Wednesday, 13 June 2012
Fantasy Miniatures: Golden Demon 1988 Extravaganza!
I have a fairly whimsical approach to uploading. I have a huge pile of retro Warhammer stuff that I feel readers of this blog would be interested in. There's so much of it in fact, that I feel it will take me years to get all the literature scanned and published online. I have had a few requests for this and that (White Dwarf 92 will be with you shortly) but generally I just put up what takes my fancy and consider useful to others.
Fantasy Miniatures was the first hardback book that GW published that set out to document the miniature painting hobby. It concerned itself with the Golden Demon Painting Awards of 1988 (the second held by GW) as well as the generous helping of staff work unseen, generally, in the pages of WD.

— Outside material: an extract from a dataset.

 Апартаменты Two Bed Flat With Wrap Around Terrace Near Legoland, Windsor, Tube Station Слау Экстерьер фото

It is a thick slice of retro heaven!
I am sure that many of you may already own this book and the others (two further volumes were produced; one in 1989 and another in 1990) but I am aware that many people may not have seen these classic books. I've not seen them available on-line before so I'm sharing them with you all as the pages of the book are stuffed with inspiration.

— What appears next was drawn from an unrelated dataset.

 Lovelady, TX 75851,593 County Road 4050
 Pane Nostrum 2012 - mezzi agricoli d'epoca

Here's a little overview so you know what you're getting...
P2-4: A brief introduction that outlines the development of Citadel miniatures and the rise of fantasy miniature painting in general. I enjoyed reading this; particularly because the writing treats you as an adult rather than bombasting you with nonsense as is the whim of modern GW - no 'really coolz' or 'awesome miniaturez' here thankfully.
P5-7: A selection of staff shots, including a 'rogue's gallery' of the studio painters circa 1988. The haircuts are something else I can tell you! Some really nice miniatures here too!
P8-9: A gallery of Paul Benson's work. A true retro painter's hero!
P10-11: The legendary Frazer Gray's work is profiled.
P12-12: Michael Immig's fantastic dioramas are discussed (as seen in WD100).
P14-37 Selected Miniatures from the 1988 Golden Demon Awards.
P38-39 A short, simple painting guide- doesn't treat you like an idiot though!
And there we have it. Eventually, I'll get around to uploading the other two books but for the meantime there is plenty here to enjoy. These books serve me as perfect 'lavatory reading' and I have been flicking through them for years. Every time I do, I spot something different or I'm encouraged to track down a particular model on eBay.
What strikes me when looking through these books about miniature painting is, though technically, products and application have moved on considerably since the late 80s, the creativity seems to have been lost. There are truly some astonishingly crazy things going on in the pages and some of the ideas are bizarre to say the least... Additionally, there is not an abundance of spikes, skulls or general grim dark nonsense.
If I were asked to choose a favourite?
It would probably be Mark Harrison's Monster Tree on page 35 (and the back cover) as I love the way its eating its own apples.